Dorothy de Rothschild

Zionist campaigner, social activist and philanthropist


Dorothy (Dolly) Mathilde de Rothschild learned about Zionism first hand from her father-in-law Baron Edmond de Rothschild (1845-1934). She soon became a skilful political facilitator who regularly filled in for her husband James when he went off to war or was convalescing from his war-related injuries.

Dorothy arranged meetings and forged important contacts for Chaim Weizmann and his circle, thus enabling them to press Britain to support a Jewish homeland in Palestine.

Years later, after the birth of Israel,  her discreet philanthropic generosity helped to develop the Jewish state’s civil society, build some of its most important institutional edifices, and unleash the human potential of a new generation of Israelis through a vast array of educational initiatives.

All the while, Dorothy maintained a profound commitment to the family’s civic responsibilities in British society, including overseeing the initial stages of the handover of the family’s 6,000-acre Waddesdon estate in Buckinghamshire to the National Trust for Historic Preservation. Under the leadership of the current Lord Rothschild, the Rothschild Foundation underpins all of Waddesdon’s activities on behalf of the National Trust.

Dorothy's story

She was born Dorothy Pinto into an Anglo-Jewish London family on 7 March 1895. On 25 February 1913, just short of her 18th birthday, she married James, then age 35, at Waddesdon Manor. Thus, while still just a teenager she was to play a critical role in introducing Weizmann to the Rothschild family and the broader Jewish and general communities.

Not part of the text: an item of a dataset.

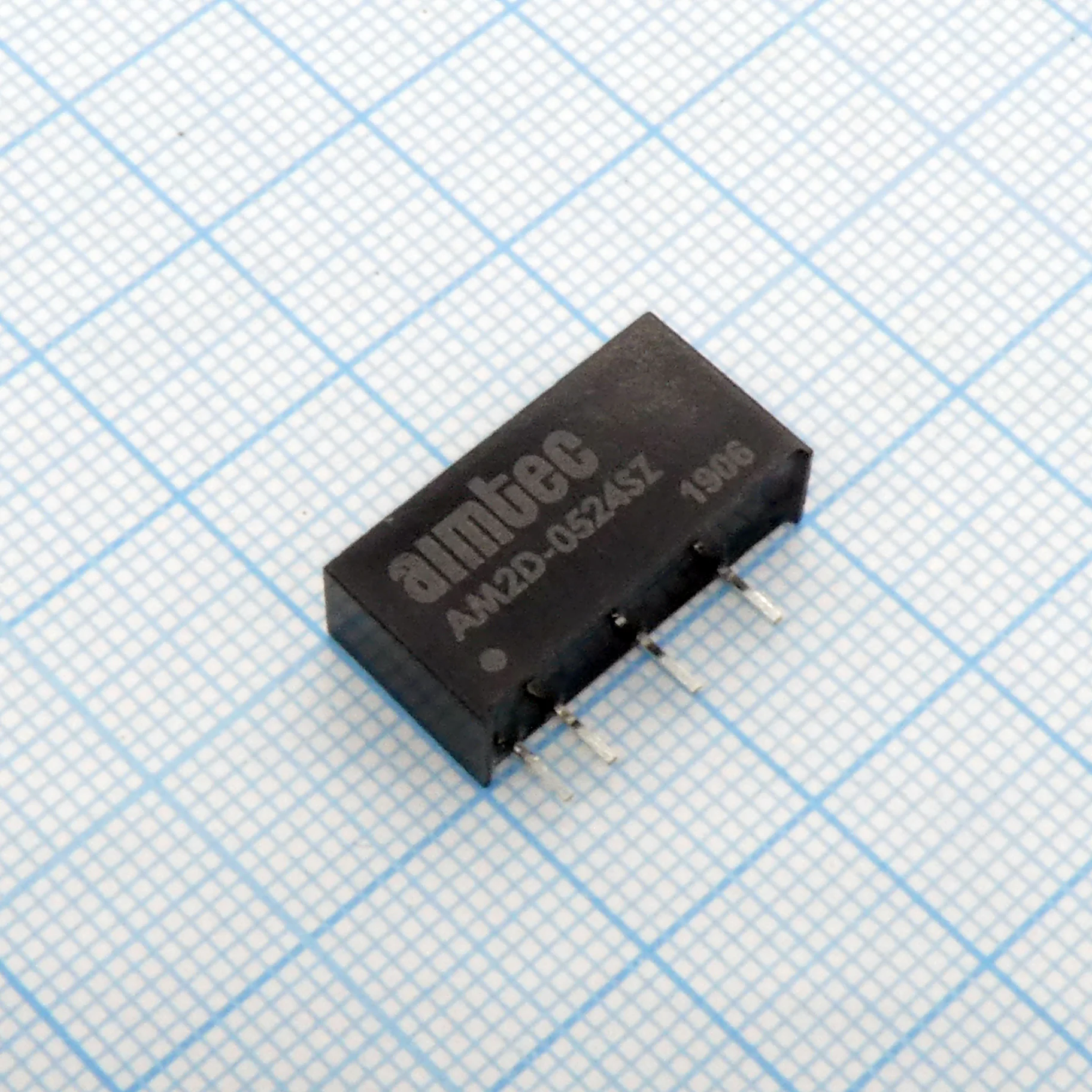 AM2D-0524SZ - DC/DC, 2Вт, вход 4.5…5.5В, выход 24В/0.083А, изоляция 1000В DC, КПД 82%, максимальная емкостная нагрузка не более 470мкФ, SIP7, 19.5x6x10мм, -40…85°C, пластик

The family name Pinto is often traced to Sephardi Jews, descendants of the Jews expelled from Portugal during the Inquisition, some of whom moved to the Arab world. Dorothy’s family on her father’s side had roots in Egypt. Her maternal grandfather, Levi Cohen, was a founder of the Liberal Synagogue in London.

Even while James served as an MP, she became a local alderman and Justice of the Peace.

Baron Edmond de Rothschild

Dorothy’s father-in-law, Baron Edmond de Rothschild of France, began making philanthropic investments in Palestine in the late 1880s, having visited Jerusalem with his wife Baroness Adelheid in 1887. He helped establish some of the first settlements in Eretz Israel and went on to join forces with the Palestine Jewish Colonization Association (PICA). Indeed, in doing so, he massively bolstered PICA’s ongoing work.

Under Baron Edmond’s leadership, PICA’s many activities included the establishment of over 40 agricultural settlements and of key industries such as the flour mills in Haifa, the salt works in Atlit, and Haifa’s fertilizer and chemical plants. Likewise, cuttings from the Rothschild vineyards in France were used to help establish Carmel’s Rishon LeZion Wine Cellars — and thus laid the foundations for the country’s wine industry, which today comprises dozens of commercial firms producing world-class wine.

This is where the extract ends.